EXERCISE DIRECTIONS: Would you set down the data that follows, word for word, without any pictures?
*** INFORMATION SHOWN Section Begins ***
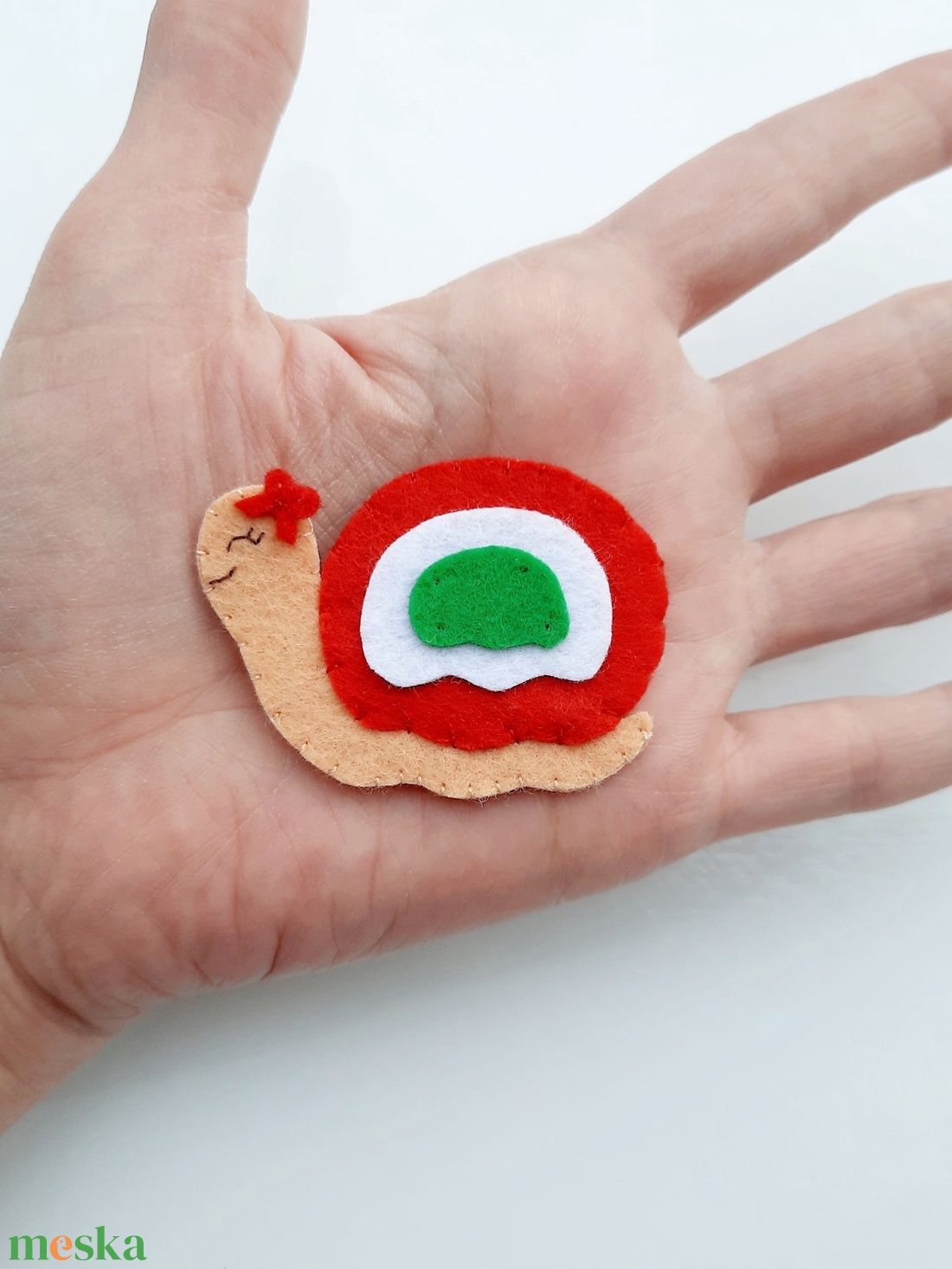 Csigalány kitűző, kokárda - ékszer - kitűző és bross - ruha & cipőklipsz - Meska.hu Csigalány kitűző, kokárda - ékszer - kitűző és bross - ruha & cipőklipsz - Meska.hu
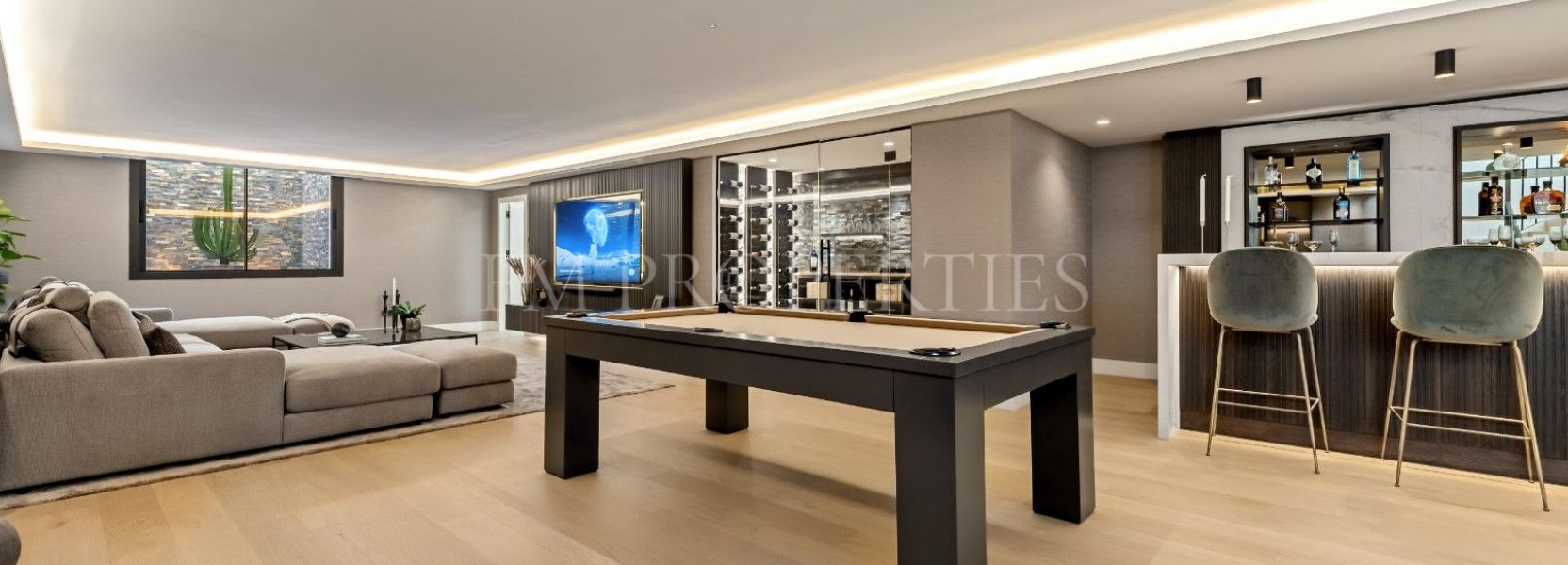 Villa  in Rocio de Nagüeles, Marbella Golden Mile, Marbella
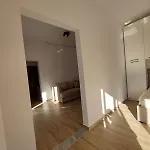 Deluxe Groundfloor With Garden Only For Long Term Minimum 3 Months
*** INFORMATION SHOWN Section Ends ***
SOLUTION FOR THIS EXERCISE:
 Csigalány kitűző, kokárda - ékszer - kitűző és bross - ruha & cipőklipsz - Meska.hu Csigalány kitűző, kokárda - ékszer - kitűző és bross - ruha & cipőklipsz - Meska.hu
 Villa  in Rocio de Nagüeles, Marbella Golden Mile, Marbella
 Deluxe Groundfloor With Garden Only For Long Term Minimum 3 Months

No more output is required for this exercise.